Lidl ne souhaitait offrir que des bananes du commerce équitable – et a ramé quelques mois plus tard. Le client veut juste des fruits bon marché. La concurrence pour Rewe ou Edeka a inondé le marché. La guerre des prix est ruineuse: pour les agriculteurs.


Depuis tôt le matin, les hommes sont sur la plantation en service. Le soleil laisse les gouttes d’eau s’évaporer sur les feuilles épaisses des bananiers. En dessous, un homme coupe une grande touffe de bananes vertes dans la vivace qu’un collègue glisse sur son épaule. Il se rend ensuite à la station d’emballage avec le stand de fruits d’une trentaine de kilos. Ici, les touffes sont coupées et les bananes vertes sont lavées. Un peu plus tard, les fruits finissent dans des boîtes en carton portant le logo du commerce équitable et le mot “Banafair”.
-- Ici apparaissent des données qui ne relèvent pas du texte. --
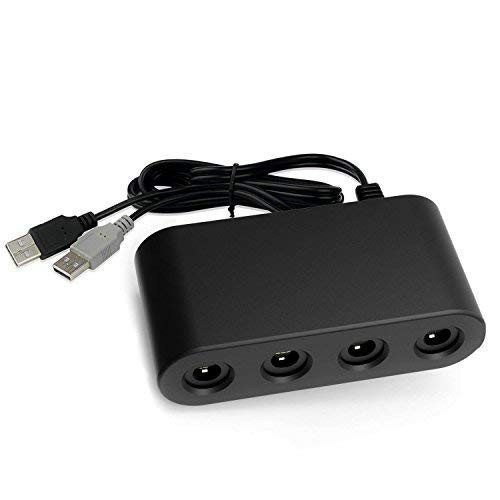 GameCube Controller Adapter Super Smash Bros GameCube Adapter for Wii U Switch -No Driver Need- 4 Port Black GameCube Adapter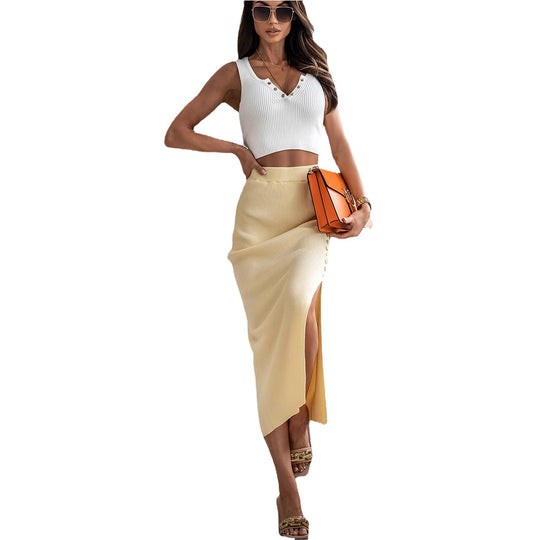 Damen Figurbetonter Strickrock mit Knopfdetail und Schlitz EB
L’importateur de bananes Banafair est basé à Gelnhausen, près de Francfort, et approvisionne les magasins du monde entier en Allemagne. Il est le principal acheteur de la coopérative de petits propriétaires de 27 membres du Cantón Balao, dans le sud de l’Équateur.
“Banafair nous garantit l’achat de nos bananes biologiques à un prix équitable depuis près de vingt ans”, a déclaré William Justavino, directeur de La Libertad. “Cela représente environ 8,20 dollars par boîte, plus une prime de 1 dollar pour les projets sociaux”, explique Justavino. L’agriculteur costaud aux mèches grises au poil ras s’appuie sur six hectares de bananes, du cacao et des fruits à l’ombre des arbres tropicaux.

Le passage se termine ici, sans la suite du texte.